[Your objective]
Give every line below again, exactly.

[Provided material]
────
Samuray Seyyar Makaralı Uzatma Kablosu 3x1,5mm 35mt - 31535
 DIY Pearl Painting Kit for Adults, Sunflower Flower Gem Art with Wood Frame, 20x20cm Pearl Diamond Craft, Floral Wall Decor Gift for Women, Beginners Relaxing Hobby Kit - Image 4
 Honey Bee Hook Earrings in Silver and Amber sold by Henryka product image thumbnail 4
────
[Your response]
Samuray Seyyar Makaralı Uzatma Kablosu 3x1,5mm 35mt - 31535
 DIY Pearl Painting Kit for Adults, Sunflower Flower Gem Art with Wood Frame, 20x20cm Pearl Diamond Craft, Floral Wall Decor Gift for Women, Beginners Relaxing Hobby Kit - Image 4
 Honey Bee Hook Earrings in Silver and Amber sold by Henryka product image thumbnail 4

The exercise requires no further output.